### Records for this task
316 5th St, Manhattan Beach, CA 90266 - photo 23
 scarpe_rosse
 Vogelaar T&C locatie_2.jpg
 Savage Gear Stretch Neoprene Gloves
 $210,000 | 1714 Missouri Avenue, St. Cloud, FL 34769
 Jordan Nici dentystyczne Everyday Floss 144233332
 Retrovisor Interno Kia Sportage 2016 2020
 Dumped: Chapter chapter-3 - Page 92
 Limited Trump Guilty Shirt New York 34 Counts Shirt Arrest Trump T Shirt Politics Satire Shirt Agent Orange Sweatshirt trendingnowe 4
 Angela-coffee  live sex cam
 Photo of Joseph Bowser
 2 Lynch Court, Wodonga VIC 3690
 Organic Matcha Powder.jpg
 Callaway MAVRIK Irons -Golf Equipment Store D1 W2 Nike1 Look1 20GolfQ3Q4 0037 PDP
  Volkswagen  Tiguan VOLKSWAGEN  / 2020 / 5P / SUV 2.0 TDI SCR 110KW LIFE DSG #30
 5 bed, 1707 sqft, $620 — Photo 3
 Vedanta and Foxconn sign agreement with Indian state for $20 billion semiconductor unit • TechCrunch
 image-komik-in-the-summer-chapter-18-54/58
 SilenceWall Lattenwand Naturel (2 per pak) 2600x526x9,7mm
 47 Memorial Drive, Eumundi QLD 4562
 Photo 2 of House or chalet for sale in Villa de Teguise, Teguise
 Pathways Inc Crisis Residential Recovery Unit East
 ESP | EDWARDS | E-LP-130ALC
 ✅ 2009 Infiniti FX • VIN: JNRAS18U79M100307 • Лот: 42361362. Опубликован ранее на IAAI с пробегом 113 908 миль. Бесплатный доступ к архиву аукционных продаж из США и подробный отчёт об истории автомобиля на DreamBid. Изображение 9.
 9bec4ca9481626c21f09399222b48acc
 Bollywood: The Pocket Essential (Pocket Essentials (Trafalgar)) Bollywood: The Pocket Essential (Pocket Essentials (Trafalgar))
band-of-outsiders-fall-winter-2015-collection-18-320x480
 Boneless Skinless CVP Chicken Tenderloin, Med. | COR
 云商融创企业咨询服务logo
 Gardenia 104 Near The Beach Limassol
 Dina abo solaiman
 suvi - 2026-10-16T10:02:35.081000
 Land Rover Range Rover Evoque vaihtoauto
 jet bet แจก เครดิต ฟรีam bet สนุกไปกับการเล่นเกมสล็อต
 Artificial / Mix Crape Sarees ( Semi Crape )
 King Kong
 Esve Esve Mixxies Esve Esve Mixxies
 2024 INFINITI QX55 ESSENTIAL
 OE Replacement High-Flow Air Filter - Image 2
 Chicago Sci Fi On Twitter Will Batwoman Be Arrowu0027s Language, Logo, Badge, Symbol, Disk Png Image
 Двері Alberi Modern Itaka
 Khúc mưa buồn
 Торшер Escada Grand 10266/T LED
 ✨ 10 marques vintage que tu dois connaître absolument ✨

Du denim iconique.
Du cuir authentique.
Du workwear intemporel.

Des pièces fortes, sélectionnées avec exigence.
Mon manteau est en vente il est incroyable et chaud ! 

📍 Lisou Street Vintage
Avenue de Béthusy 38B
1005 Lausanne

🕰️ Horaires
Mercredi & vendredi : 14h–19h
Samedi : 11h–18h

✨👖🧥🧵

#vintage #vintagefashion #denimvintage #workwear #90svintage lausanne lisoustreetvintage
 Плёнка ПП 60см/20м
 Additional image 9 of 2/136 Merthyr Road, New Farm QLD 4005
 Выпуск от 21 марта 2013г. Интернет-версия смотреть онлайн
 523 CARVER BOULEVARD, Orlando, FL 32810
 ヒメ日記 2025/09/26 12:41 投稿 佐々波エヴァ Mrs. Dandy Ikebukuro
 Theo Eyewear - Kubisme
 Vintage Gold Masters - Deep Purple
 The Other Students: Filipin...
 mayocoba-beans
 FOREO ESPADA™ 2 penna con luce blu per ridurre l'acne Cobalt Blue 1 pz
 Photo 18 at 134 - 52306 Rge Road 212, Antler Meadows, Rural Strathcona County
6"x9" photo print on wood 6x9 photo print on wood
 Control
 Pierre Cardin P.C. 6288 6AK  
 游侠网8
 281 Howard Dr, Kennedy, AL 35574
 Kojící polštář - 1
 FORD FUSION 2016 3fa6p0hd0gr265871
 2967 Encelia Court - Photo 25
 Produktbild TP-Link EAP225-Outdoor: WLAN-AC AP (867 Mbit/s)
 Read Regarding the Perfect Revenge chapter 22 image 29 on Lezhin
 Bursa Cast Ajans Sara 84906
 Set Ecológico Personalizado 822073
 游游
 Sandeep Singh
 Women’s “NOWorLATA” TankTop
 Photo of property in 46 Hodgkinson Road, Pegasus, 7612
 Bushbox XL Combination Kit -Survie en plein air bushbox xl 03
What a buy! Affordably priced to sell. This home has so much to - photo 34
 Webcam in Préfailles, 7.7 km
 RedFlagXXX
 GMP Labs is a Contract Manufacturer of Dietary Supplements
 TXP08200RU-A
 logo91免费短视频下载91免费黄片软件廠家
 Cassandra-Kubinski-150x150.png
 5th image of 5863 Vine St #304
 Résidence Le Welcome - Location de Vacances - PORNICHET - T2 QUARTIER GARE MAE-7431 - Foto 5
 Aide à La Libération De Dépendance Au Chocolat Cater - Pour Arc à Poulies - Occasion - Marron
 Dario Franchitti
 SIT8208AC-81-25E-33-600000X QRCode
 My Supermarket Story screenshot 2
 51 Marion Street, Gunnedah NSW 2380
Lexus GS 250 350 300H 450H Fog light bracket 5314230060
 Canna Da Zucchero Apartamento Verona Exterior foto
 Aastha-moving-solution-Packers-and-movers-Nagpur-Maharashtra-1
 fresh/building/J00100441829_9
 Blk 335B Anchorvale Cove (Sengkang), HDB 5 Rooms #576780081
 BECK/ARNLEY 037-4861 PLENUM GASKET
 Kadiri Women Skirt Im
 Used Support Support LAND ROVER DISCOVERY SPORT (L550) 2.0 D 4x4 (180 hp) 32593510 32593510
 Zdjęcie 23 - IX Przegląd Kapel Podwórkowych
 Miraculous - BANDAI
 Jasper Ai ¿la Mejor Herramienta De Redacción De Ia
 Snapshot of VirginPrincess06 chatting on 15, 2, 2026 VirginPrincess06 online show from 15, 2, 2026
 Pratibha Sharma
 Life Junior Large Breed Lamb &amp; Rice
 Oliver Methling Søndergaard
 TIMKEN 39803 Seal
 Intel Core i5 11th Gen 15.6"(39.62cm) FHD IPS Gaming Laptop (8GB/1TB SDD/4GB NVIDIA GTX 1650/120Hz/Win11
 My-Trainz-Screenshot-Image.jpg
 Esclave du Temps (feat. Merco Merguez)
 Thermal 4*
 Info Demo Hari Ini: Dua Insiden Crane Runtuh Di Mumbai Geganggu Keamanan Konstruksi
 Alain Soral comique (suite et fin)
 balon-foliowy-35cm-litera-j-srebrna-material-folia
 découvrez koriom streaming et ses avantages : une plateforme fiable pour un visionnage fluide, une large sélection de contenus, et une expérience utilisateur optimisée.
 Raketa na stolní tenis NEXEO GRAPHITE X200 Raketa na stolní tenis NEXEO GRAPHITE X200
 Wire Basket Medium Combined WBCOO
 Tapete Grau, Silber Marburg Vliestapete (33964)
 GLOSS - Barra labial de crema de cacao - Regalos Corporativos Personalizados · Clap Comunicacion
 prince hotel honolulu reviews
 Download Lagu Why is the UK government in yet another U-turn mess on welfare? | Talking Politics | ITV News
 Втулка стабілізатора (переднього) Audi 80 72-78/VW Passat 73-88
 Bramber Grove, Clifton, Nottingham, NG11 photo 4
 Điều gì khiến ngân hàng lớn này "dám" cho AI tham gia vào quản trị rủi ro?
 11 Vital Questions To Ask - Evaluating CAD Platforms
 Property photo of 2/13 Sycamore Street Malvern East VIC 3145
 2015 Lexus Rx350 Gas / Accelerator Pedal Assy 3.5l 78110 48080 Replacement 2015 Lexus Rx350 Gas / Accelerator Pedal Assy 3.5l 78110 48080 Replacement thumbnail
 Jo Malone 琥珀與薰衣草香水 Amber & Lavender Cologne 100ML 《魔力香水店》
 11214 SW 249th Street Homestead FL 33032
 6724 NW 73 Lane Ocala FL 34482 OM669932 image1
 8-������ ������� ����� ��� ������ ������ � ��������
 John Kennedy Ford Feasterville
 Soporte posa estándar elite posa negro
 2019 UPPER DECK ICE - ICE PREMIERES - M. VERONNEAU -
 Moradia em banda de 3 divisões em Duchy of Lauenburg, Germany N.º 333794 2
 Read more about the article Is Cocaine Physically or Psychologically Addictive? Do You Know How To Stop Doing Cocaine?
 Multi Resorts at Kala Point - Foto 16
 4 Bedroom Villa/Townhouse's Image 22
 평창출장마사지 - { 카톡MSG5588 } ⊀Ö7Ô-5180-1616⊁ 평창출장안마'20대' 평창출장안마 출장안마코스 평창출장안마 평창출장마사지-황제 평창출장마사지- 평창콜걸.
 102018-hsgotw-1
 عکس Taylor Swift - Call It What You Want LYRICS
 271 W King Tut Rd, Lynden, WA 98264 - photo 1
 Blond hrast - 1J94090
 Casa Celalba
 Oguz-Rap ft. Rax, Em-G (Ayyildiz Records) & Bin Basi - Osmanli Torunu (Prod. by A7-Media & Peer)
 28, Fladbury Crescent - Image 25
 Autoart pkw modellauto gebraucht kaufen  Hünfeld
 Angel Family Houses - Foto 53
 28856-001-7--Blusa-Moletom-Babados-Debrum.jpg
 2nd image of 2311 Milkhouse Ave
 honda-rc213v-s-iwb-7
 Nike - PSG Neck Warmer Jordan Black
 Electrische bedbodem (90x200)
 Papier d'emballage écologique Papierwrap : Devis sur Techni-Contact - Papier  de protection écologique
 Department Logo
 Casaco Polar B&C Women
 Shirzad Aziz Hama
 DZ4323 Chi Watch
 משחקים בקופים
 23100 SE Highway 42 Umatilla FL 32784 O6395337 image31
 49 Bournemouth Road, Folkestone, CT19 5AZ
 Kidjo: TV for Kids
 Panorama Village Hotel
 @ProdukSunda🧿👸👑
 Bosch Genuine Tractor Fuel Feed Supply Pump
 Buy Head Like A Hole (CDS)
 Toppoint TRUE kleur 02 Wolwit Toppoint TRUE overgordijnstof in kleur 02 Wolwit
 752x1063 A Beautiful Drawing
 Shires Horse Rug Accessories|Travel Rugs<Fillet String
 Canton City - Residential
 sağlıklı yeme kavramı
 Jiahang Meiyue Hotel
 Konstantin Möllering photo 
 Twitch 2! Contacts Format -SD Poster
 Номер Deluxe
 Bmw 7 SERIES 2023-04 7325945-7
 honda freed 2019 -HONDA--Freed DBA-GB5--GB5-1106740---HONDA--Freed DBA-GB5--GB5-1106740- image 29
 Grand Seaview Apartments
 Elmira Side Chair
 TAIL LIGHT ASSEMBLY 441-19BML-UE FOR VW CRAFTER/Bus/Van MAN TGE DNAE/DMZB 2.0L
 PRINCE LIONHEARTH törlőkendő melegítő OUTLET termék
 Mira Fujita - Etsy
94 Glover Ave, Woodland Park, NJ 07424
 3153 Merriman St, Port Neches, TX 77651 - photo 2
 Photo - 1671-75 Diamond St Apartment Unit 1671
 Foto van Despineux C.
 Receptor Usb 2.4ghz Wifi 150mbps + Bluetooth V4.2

### Task
Within the data, tally each line containing the string "Kennedy". Answer with the number by itself.

### Your solution
2